§ EXERCISE: Down to the last line of the listing, starting at the one with "Tủ chậu cabinet", retype each line exactly. Do not copy the pictures.

§ INPUT DATA:
***
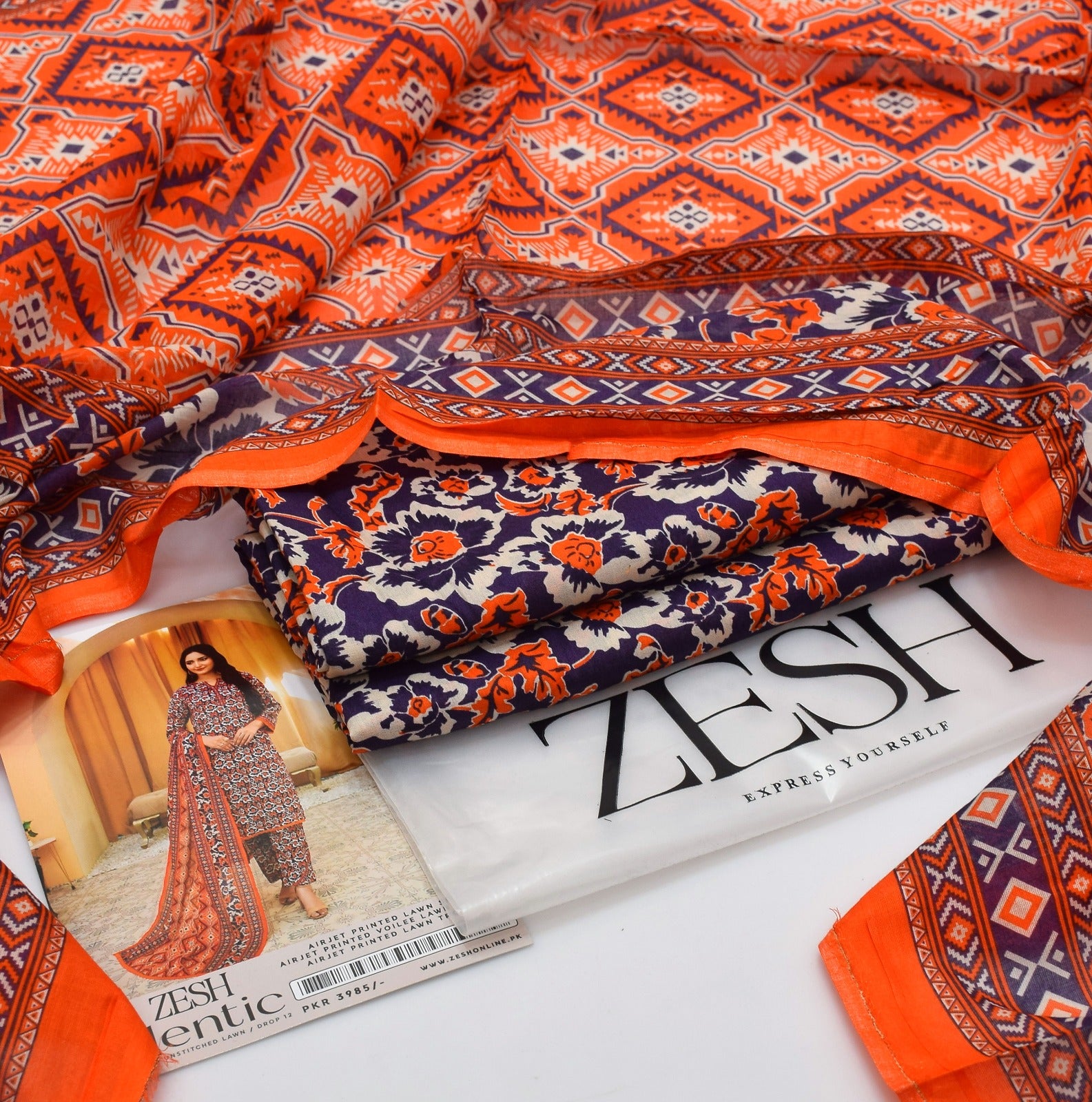 ZESH Brand Lawn Unstiched 3 Piece   Voil Lawn Printed Duppata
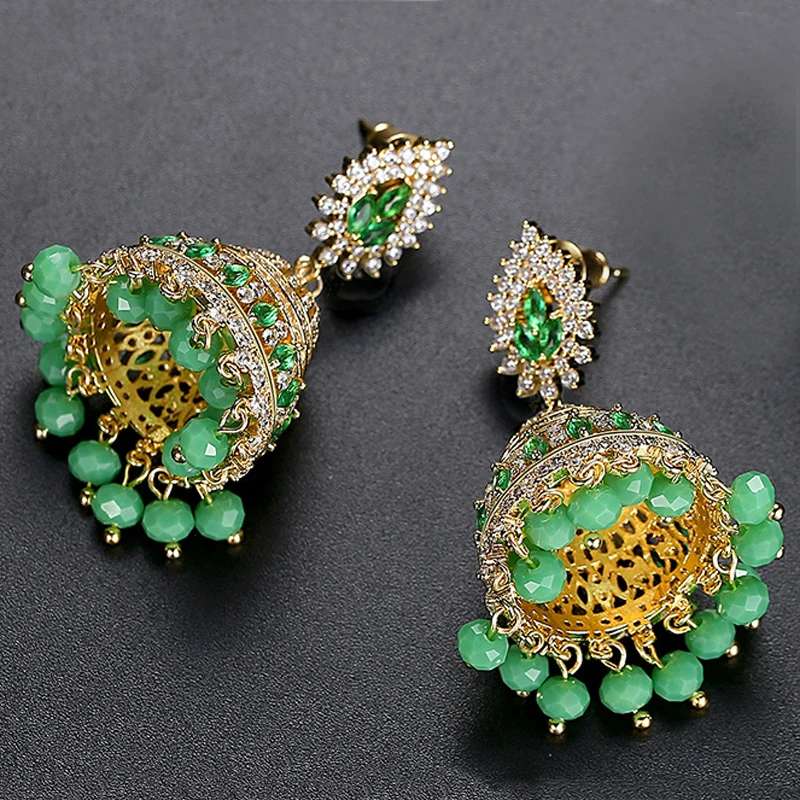 Ethnic Fashion Pakistan - India Pakistan Earrings Copper Inset Zircon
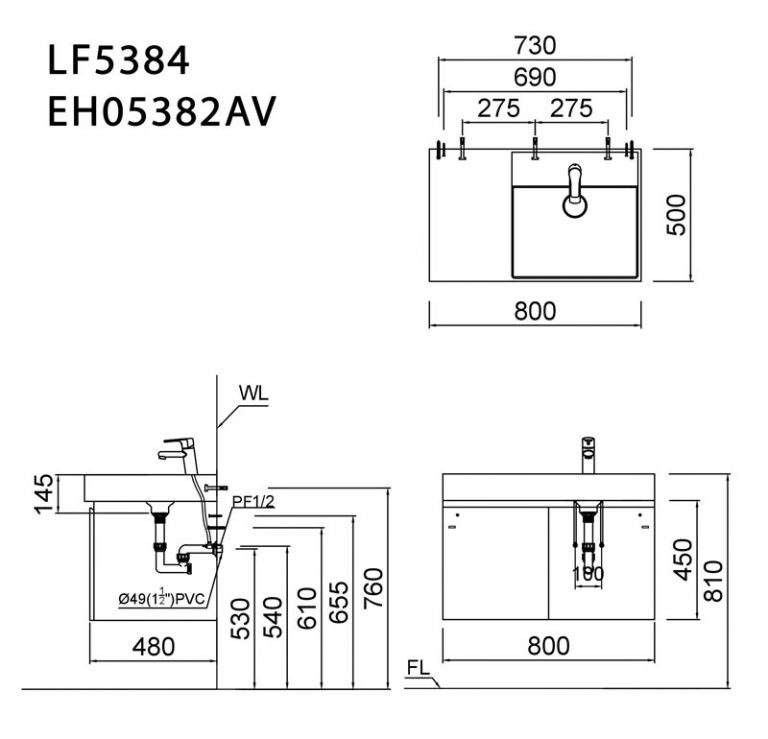 Tủ chậu cabinet treo màu vân gỗ Caesar EH05384DWV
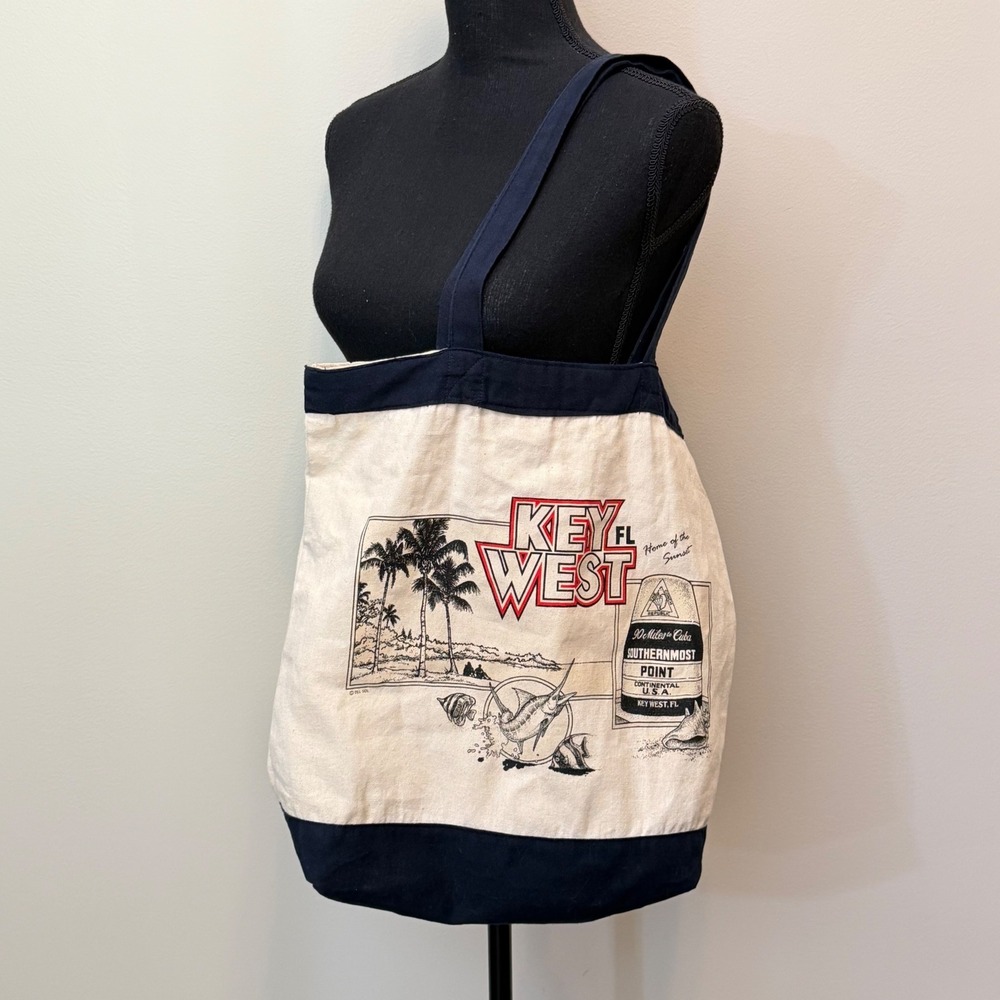 Vintage Del Sol Key West Florida Canvas Cotton Tote Bag Navy Cream Resortwear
***
§ RESPONSE:
 Tủ chậu cabinet treo màu vân gỗ Caesar EH05384DWV
 Vintage Del Sol Key West Florida Canvas Cotton Tote Bag Navy Cream Resortwear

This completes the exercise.